Archaeologists on Wednesday unveiled the remains of an ancient auditorium where scholars, politicians and poets held debates and lectures, a site discovered during excavations of a bustling downtown piazza in preparation for a new subway line.
The partially dug complex, dating back to the 2nd century A.D., is believed to have been funded by Emperor Hadrian as a school to promote liberal arts and culture. Known as the “Athenaeum” and named after the city of Athens, which was considered the center of culture at the time, the auditorium could accommodate up to 200 people, experts said.
“Hadrian, who was a cultured emperor, wanted to re-establish the tradition of public recitation, conferences and poetry contests, as it used to happen in classic Greece,” Roberto Egidi, an archaeologist overseeing the digs, said during a tour. Egidi said the identification of the auditorium as Hadrian’s is “a likely hypothesis” due to the building’s specific structure, as well as references in ancient texts. The digs have turned up two terraced staircases used for seating, a corridor and marbled floors, Egidi said.

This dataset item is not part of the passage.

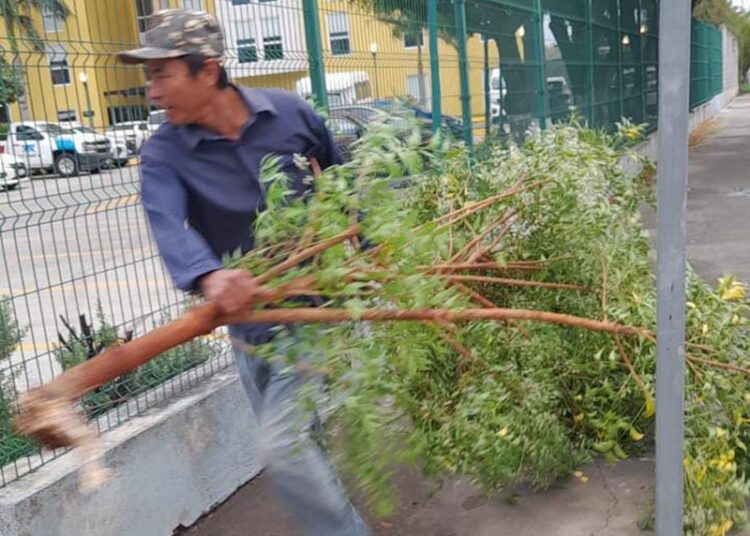 Limpian drenes de Victoria tras paso del Frente Frío 42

Egidi also said the building’s upper floors are believed to have crumbled during an earthquake. The auditorium was discovered during excavations at Piazza Venezia, a busy intersection in the heart of Rome, just a few meters from the Roman Forum.

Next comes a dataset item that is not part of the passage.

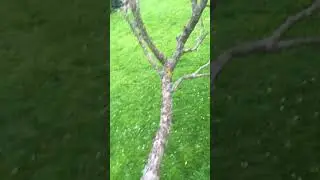 Opičák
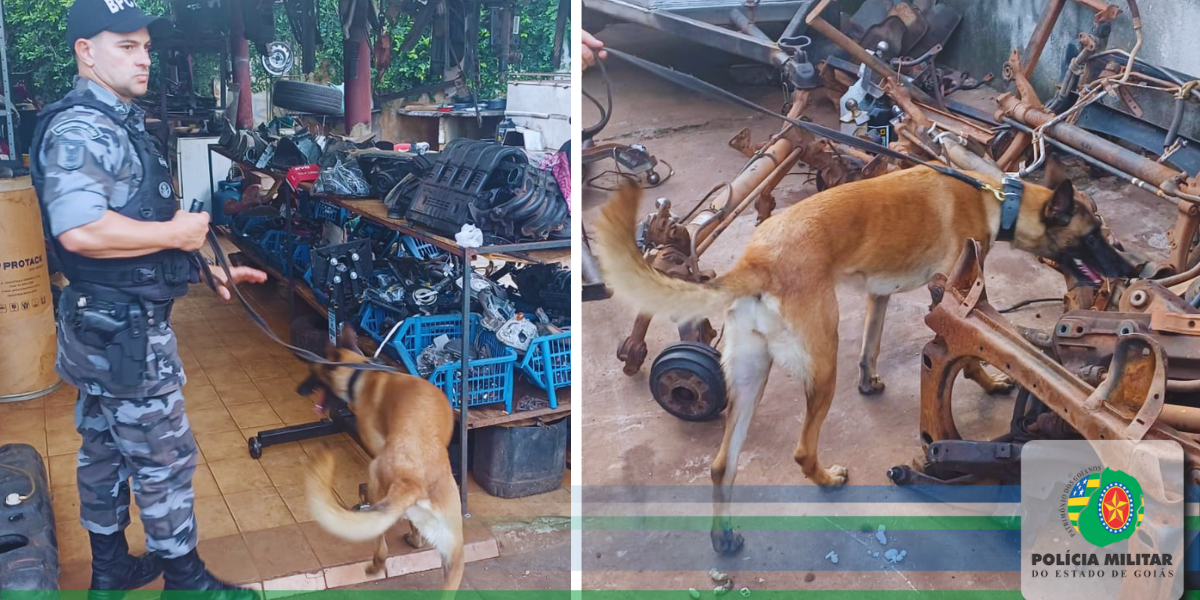 Parceria Campeã: CPR/TOR e BPCÃES combatem o tráfico de drogas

Archaeologists have been probing the depths of the Eternal City for months to pave the way for some of the 30 stations of the city’s planned third subway line. Many of the digs are near famous monuments or on key thoroughfares and several archaeological remains — including Roman taverns and 16th-century palace foundations — have already turned up at Piazza Venezia.
Francesco Giro, a top official with Italy’s culture ministry, said the entrance to the subway would be close to the auditorium, but in an area where digs turned up only ancient sewers. The archaeological investigations are needed only for the subway’s stairwells and air ducts, because the 15 miles (25 kilometers) of subway stations and tunnels will be dug at a depth of 80 to 100 feet (25 to 30 meters) — below the level of any past human habitation.

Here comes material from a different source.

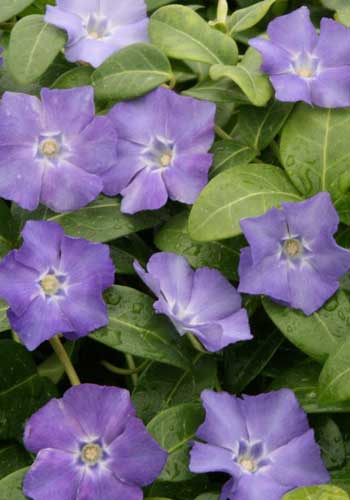 Vinca minor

However, most of the digs still have yet to reach levels that date back to Roman times, where plenty of surprises may be waiting. Rome’s 2.8 million inhabitants rely on just two subway lines, which only skirt the city center, leaving it clogged with traffic and tourists. Plans for a third line that would serve the history-rich heart of Rome have been put off for decades amid funding shortages and fears that a wealth of archaeological discoveries would halt work.